Statt tiefgreifender Geschichten setzt sich im Roman eine faszinierende Welt wie ein Mosaik zusammen. Entscheidend dafür sind die großformatigen Illustrationen vom Autor selber, die weit mehr als die Hälfte des Buches einnehmen. Sie illustrieren die Geschichten, nehmen gekonnt Andeutungen der Erzählungen auf, führen diese weiter oder laden manchmal auch einfach nur zum Verweilen ein. Der realistisch gehaltene Stil zieht uns in den Sog der Welt und verleiht ihr Glaubwürdigkeit. Die technischen Innovationen der vergangenen Mälarinseln sind zwar höchst fiktiv, aber doch so nah am Vorstellbaren, dass sie möglich erscheinen. Die präsentierten Roboter und Schwebeschiffe sind zwar auch heute noch Fiktion, aber fügen sich perfekt in eine Retroästhetik ein und sind für die Kinder so selbstverständlich, dass wir ihre Existenz leicht hinnehmen. Dazu trägt auch der alltägliche Blickwinkel der Geschichten bei und die Anreicherung mit geschichtlichen „Fakten“ und Konzeptskizzen. Für ein paar Seiten hat man dabei fast das Gefühl, ein Rollenspielquellenbuch in der Hand zu halten. Und tatsächlich wurden viele der Skizzen auch fürs gleichnamige Rollenspiel übernommen. Anders als die Serie betont das Rollenspiel die kindliche Perspektive und breitet eine Abenteuerlandschaft vor, die erkundet werden will. Der Loop wird hier als Hintergrund für eine Kids-on-Bikes-Erzählung im Stile von Stranger Things genutzt, nur das statt bedrohlichem Ungetüm eine Reihe an technischen und zeitlich-paradoxen Mysterien im Mittelpunkt stehen. Ja, unsere kindlichen Charaktere können nicht einmal sterben und Erwachsene sind außer Reichweite.

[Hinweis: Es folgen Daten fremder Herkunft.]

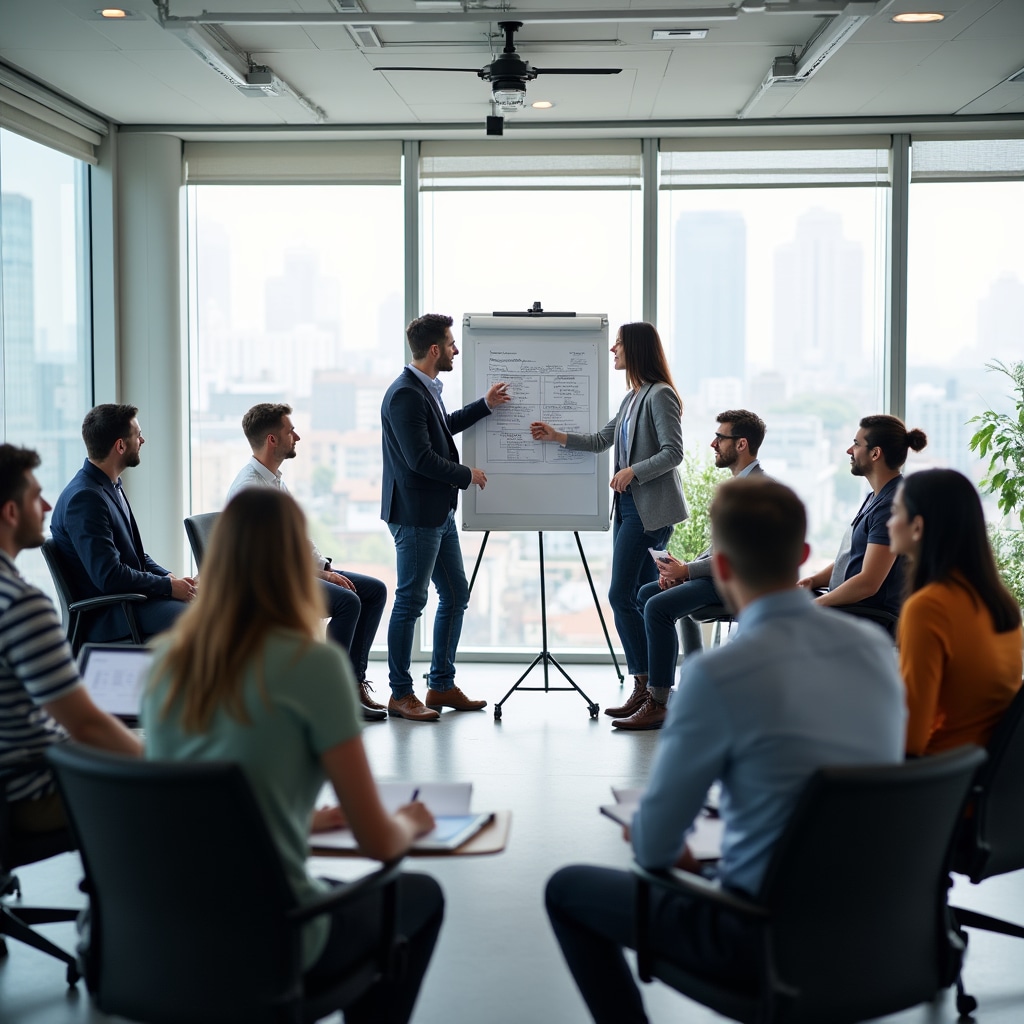 Sales team participating in negotiation skills workshop with live scenario practice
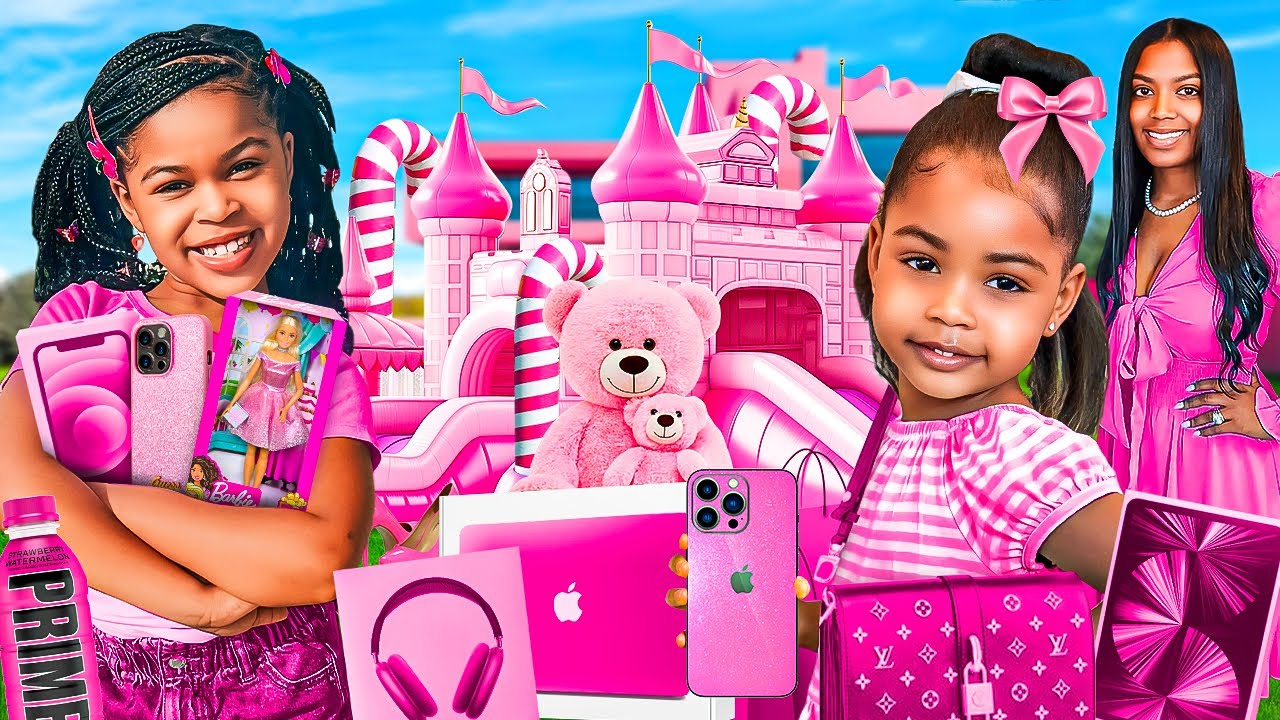 Buying EVERYTHING In ONE COLOR For My DAUGHTERS for 24 HOURS!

Stellenweise darf es dann doch sehr futuristisch werden

Die deutschsprachige Ausgabe

Um die einzigartige Mischung aus Text und Bild angemessen umzusetzen, wurde auf ein fast quadratisches Großformat mit edler Leinenbindung gesetzt. Die Qualität hat zwar seinen Preis, macht das Buch aber auch zu einem wahren Lesegenuss. Dem entspricht auch die erstklassige Übersetzungsarbeit von Stefan Pluschkat, dem es gelungen ist, dass man dem Text an keiner Stelle  anmerkt, dass er kein deutschsprachiges Original ist. Die Tales from the Loop haben bei FISCHER Tor ihren würdigen Platz gefunden, wenngleich man dem Buch auch eine kostengünstigere Ausgabe wünscht. Insbesondere da es auf Grund der kurzen Textblöcke schneller fertig gelesen ist, als einem lieb ist.